Thanks, Kevin, for the article.  How wonderful to know Bishop Spong and write about him with deep appreciation.  The article brought to mind how difficult it was to have students who came to campus ministry to buttress up doctrines and beliefs when those aspects of the Faith were not the most meaningful to me.  I found discussions about conforming to a particular theological ‘rule’ painful because the academic setting was already challenging so many students’ world views and students were in so much distress.  Many of those students left for more conservative campus ministry groups.  The ones who stayed agreed to disagree and/or found common ground with our group.  Often students who stayed with the ministry would continue to try to change the direction of the group towards conformity to their point of view.  It was challenging because there was continual tension.  Being retired is great because there isn’t that tension.  The down side is not being invited into a young generation and understanding the Faith from their perspective.  It was exciting and fun to learn from the young adults that the church had nurtured and sent on to college.

How do you communicate compassion for those who find meaning and comfort in doctrine and belief while at the same time being uncomfortable with faith based on doctrine and belief?

Answer

Dear Margie,

The deepest longing of the human soul is to know the truth of who she is; to know immediately and directly that Being is her being. Within the spiritual tradition this longing is spoken of as the desire to know our true self, or in the Christian tradition, our Christ-self. The Delphic oracle spoke this most ancient wisdom by reminding us to “know thyself”. To not know who we are, often spoke of as being lost in a veil of tears, is the deepest suffering we each can experience. I begin here because all too often popular culture misconstrues the meaning of compassion.

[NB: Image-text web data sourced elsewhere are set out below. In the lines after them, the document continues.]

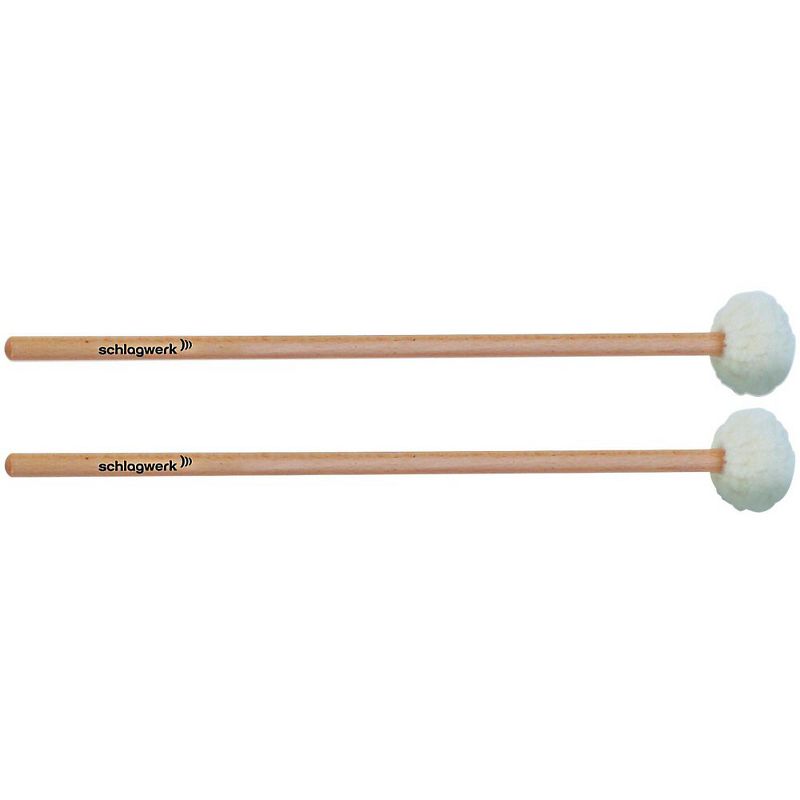 SCHLAGWERK Drum Mallets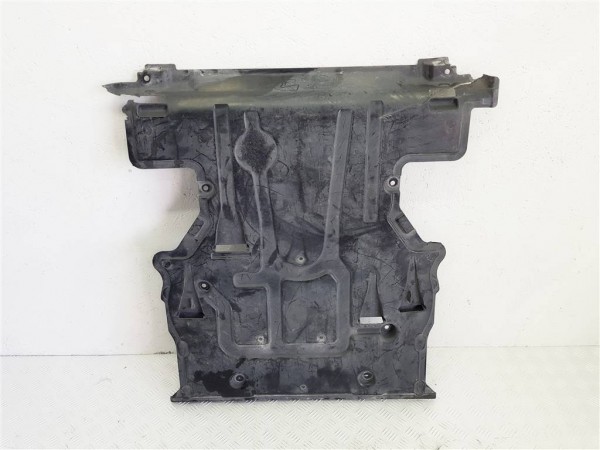 Защита двигателя mercedes gle w167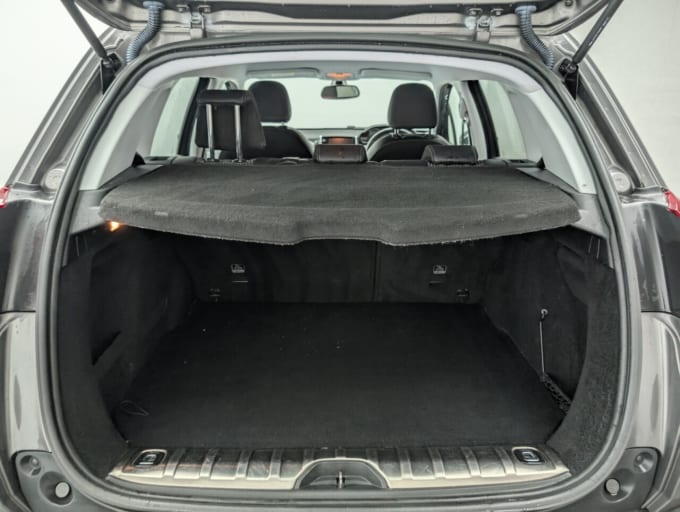 2025 Peugeot 2008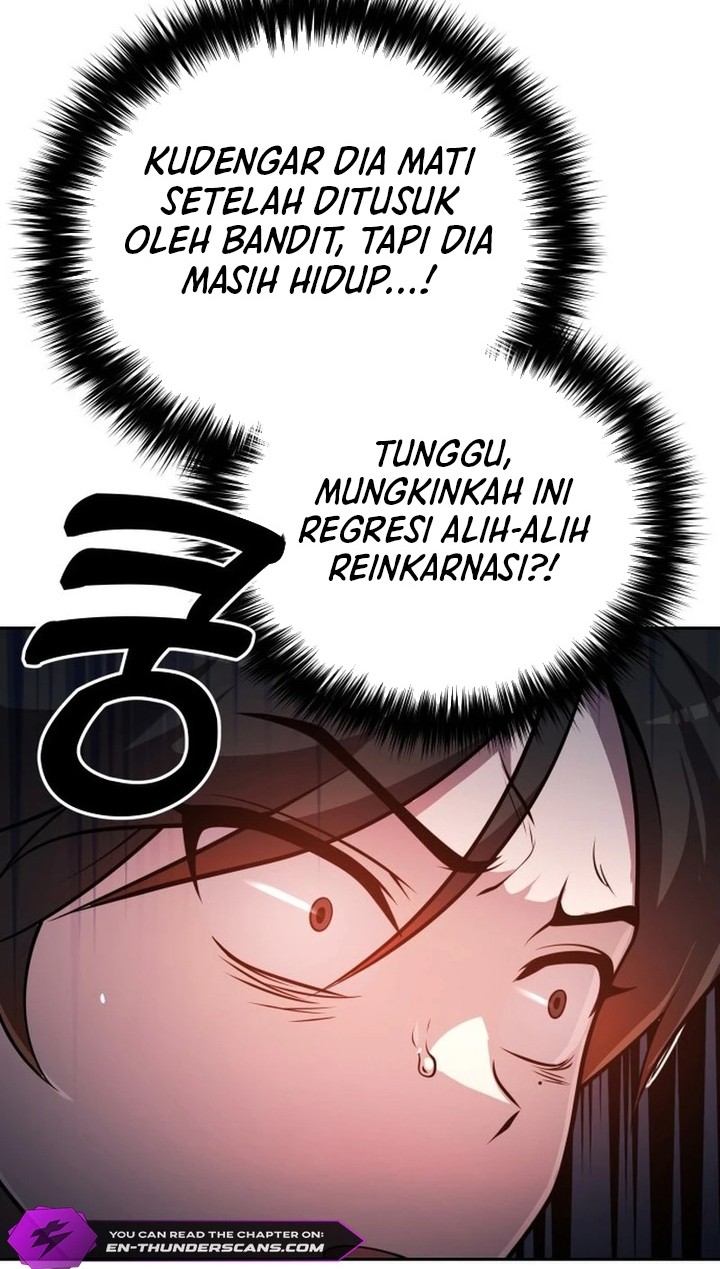 The Second Eunuch Regains His Manhood Chapter 1 - halaman 52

According to the wisdom tradition, compassion does not mean that we try to take away someone’s soulful suffering (indeed, there may be good reason for it); although that is how it is so often understood in pastoral care. Rather, we can appreciate compassion as having to do with being faithful to our journey into the heartland of truth, whatever the cost. This heartland journey of the soul is one in which the Spirit continually invites us to see through the veils, obscurations, misunderstandings, that cloud our vision and confuse our heart; it is often painful work to see through our identifications and attachments, because it often feels as if our survival is at stake. And in a sense it is. Most of us would much rather grow without changing a bit, which is simply how the ego is. In truth, for us to authentically grow we cannot cling to who we have taken ourselves to be. The purpose of spiritual maturation is neither to accept or reject a particular doctrine or belief, but to grow in our understanding of ourselves as a person who thirsts to know the truth of who we are.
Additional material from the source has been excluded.